Form a polynomial f(x) with real coeffiecients having the given degree and zeros.
degree 4, zeros 3, multiplicity 2; 6i
f(x)=a()
Can someone show how to do this. I have tried and do not have a clue. I am lost!!! So, please show work.
by the time you get to calculus, you should know how to use the roots to form a polynomial.
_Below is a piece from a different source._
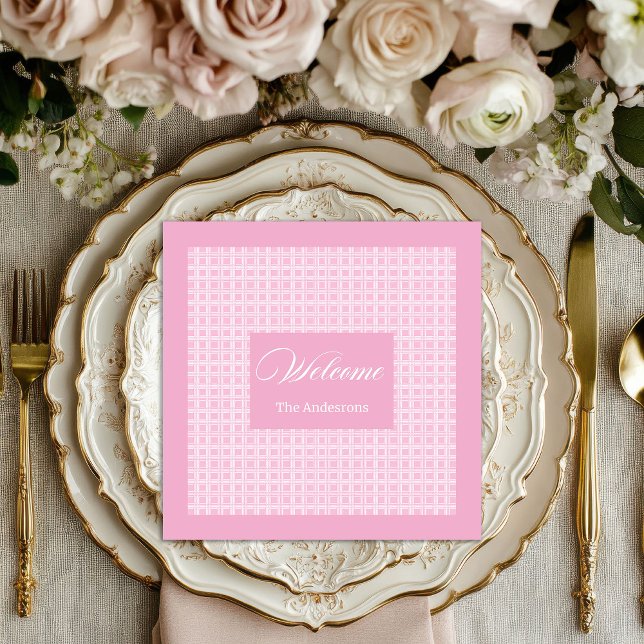 Guardanapo De Papel De Jantar Classic Pink Plaid Napkins Personalized Touch (Classic Pink Plaid Napkins Personalized Touch)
If you tried, you should show what you have tried, and where you got stuck.
If a is a root of f(x)=0, (x-a) is a factor of f(x).
Since complex roots come in pairs, -6i is also a root, so
f(x) = (x-3)(x-3)(x-6i)(x+6i)
= (x-3)^2 (x^2+36)
saying you do not have a clue indicates either
a) you have woefully neglected your studies, or
b) you are just lazy and want someone else to do your work, or
(c) both of the above.
To form a polynomial with the given degree and zeros, we need to consider the fact that the zeros of a polynomial are the values of x for which the polynomial evaluates to zero.
Here's how you can proceed:
Step 1: Start by determining the factors of the polynomial based on the zeros given. In this case, we have two zeros: 3 with a multiplicity of 2, and 6i.
Step 2: For each zero, write a factor of the polynomial using the zero and its multiplicity.
For the zero 3 with multiplicity 2, the factor will be (x - 3)(x - 3) or (x - 3)^2.
For the zero 6i, the factor will be (x - 6i).
Step 3: Combine all the factors to form the polynomial. Since the coefficients of the polynomial are not specified, we'll use the coefficient 'a' to represent an arbitrary constant.
f(x) = a(x - 3)^2(x - 3)(x - 6i)
This is the polynomial with real coefficients and the given degree and zeros.
Note: Remember that imaginary zeros always come in conjugate pairs. Therefore, if 6i is a zero, then -6i must also be a zero. So, you could alternatively write the polynomial as:
f(x) = a(x - 3)^2(x - 3)(x - 6i)(x + 6i)
I hope this helps! Let me know if you have any further questions.